Secondo i recenti dati Istat sull’inflazione in Italia nel 2023, più precisamente nel mese di febbraio, l’indice nazionale dei prezzi al consumo per l’intera collettività, al lordo dei tabacchi, ha registrato un aumento dello 0,2% su base mensile e del 9,1% su base annua, da +10,0% nel mese precedente. Basandosi su questi dati, l’Unione nazionale consumatori ha stilato la classifica delle città con più di 150mila abitanti che risultano essere più care per una famiglia di tre persone. Ecco di quali si tratta.
Bolzano
Bolzano registra un’inflazione del 9,3%, che si traduce in una spesa aggiuntiva pari a 3.261 euro per una famiglia di tre persone.
Milano
Milano registra a febbraio un 9,9% tendenziale, che si traduce in una spesa aggiuntiva pari a 3.213 euro all’anno in più per una famiglia di tre persone.
Ravenna
Ravenna registra un’inflazione al 10,3%, che si traduce in una spesa aggiuntiva pari a 3.137 euro annui.
Genova
Genova registra un’inflazione all’11%, che si traduce in una spesa aggiuntiva pari a 3.095 euro.
Trento
Trento registra un’inflazione al 9,3%, che si traduce in una spesa aggiuntiva pari a 3.085 euro.
Modena
Modena registra un’inflazione al 9,6%, che si traduce in una spesa aggiuntiva pari a 2.924 euro.
Bologna
Bologna registra un’inflazione al 9,2%, che si traduce in una spesa aggiuntiva pari a 2.873 euro.
Perugia
Perugia registra un’inflazione al 10,1%, che si traduce in una spesa aggiuntiva pari a 2.827 euro all’anno.
Brescia
Brescia registra un’inflazione al all’8,9%, che si traduce in una spesa aggiuntiva pari a 2.819 euro.
Catania
Catania registra un’inflazione al 10,9%, si traduce in una spesa aggiuntiva pari a 2.727 euro.

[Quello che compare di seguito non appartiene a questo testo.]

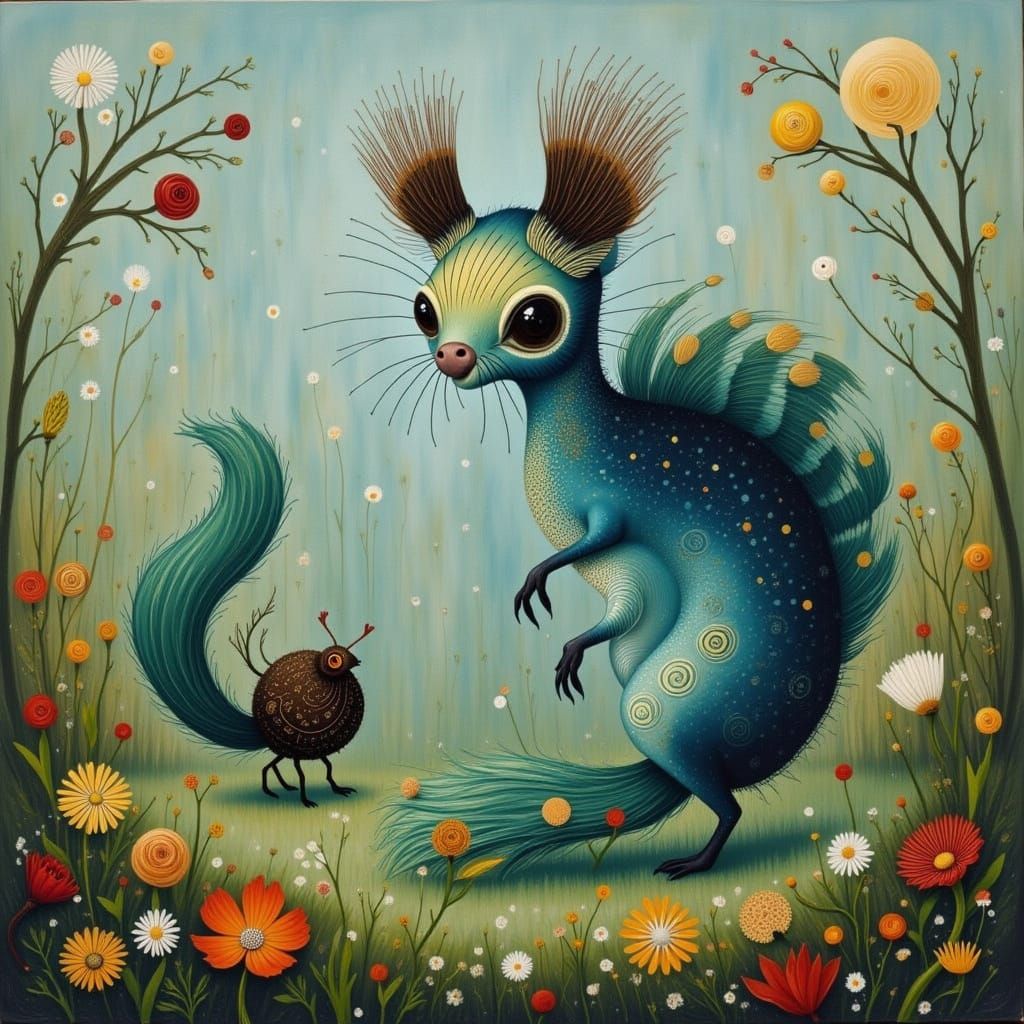 Naive Ephemera Art: Delicate and Fleeting Beauty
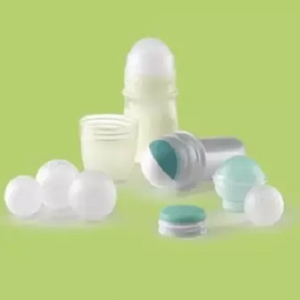 Chai Cuộn <span class=keywords><strong>50Ml</strong></span> 60Ml Có Thể Tái Chế Hộp Khử Mùi Có Thể Nạp Lại Với Bóng Lăn - Product Image 5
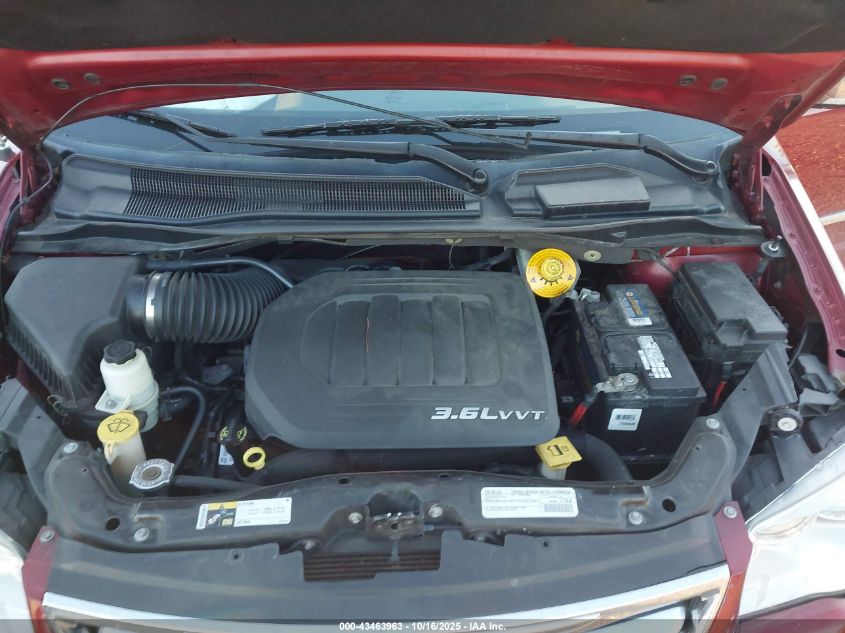 2015 Chrysler Town & Country Limited VIN: 2C4RC1JG3FR742326 Lot: 43463963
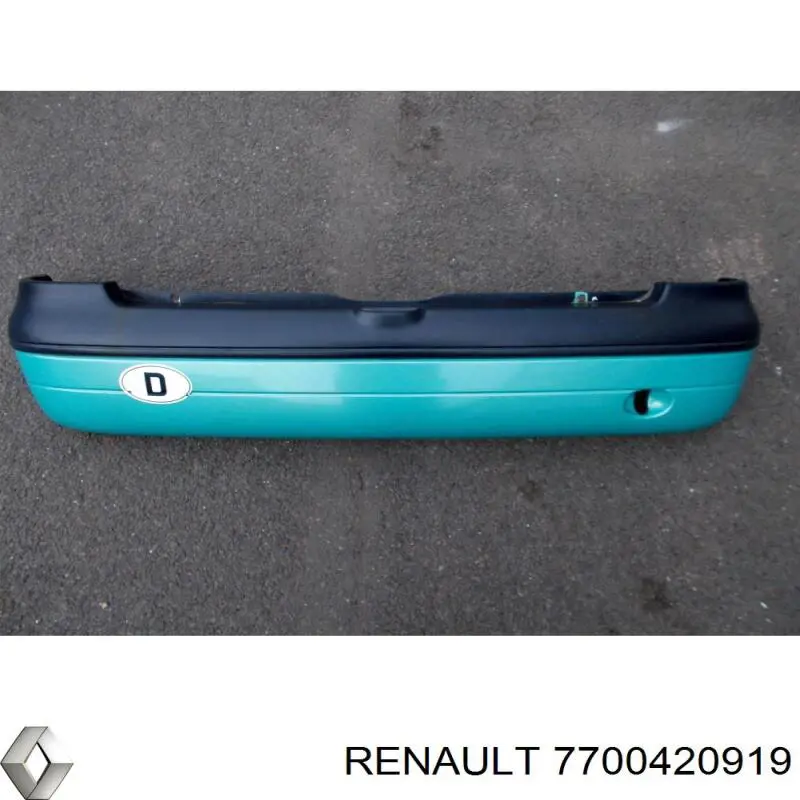 7700420919 Renault (RVI) бампер задний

Dati Istat sull’inflazione a febbraio 2023
L’Istat ha fatto sapere che nel mese di febbraio 2023 l’indice nazionale dei prezzi al consumo per l’intera collettività, al lordo dei tabacchi, registri un aumento dello 0,2% su base mensile e del 9,1% su base annua, da +10,0% nel mese precedente; la stima preliminare era +9,2%.
Secondo quanto specificato dall’istituto nazionale di statistica, il rallentamento dell’inflazione si deve, in primo luogo, all’accentuarsi della flessione su base tendenziale dei prezzi dei beni energetici regolamentati (da -12,0% a -16,4%) e alla decelerazione di quelli degli energetici non regolamentati (da +59,3% a +40,8%), i cui effetti sono stati solo in parte compensati dall’accelerazione dei prezzi degli alimentari, sia lavorati (da +14,9% a +15,5%) sia non lavorati (da +8,0% a +8,7%), di quelli dei tabacchi (da una variazione tendenziale nulla a +1,8%), dei prezzi dei servizi ricreativi, culturali e per la cura della persona (da +5,5% a +6,1%) e dei Servizi relativi ai trasporti (da +5,9% a +6,4%).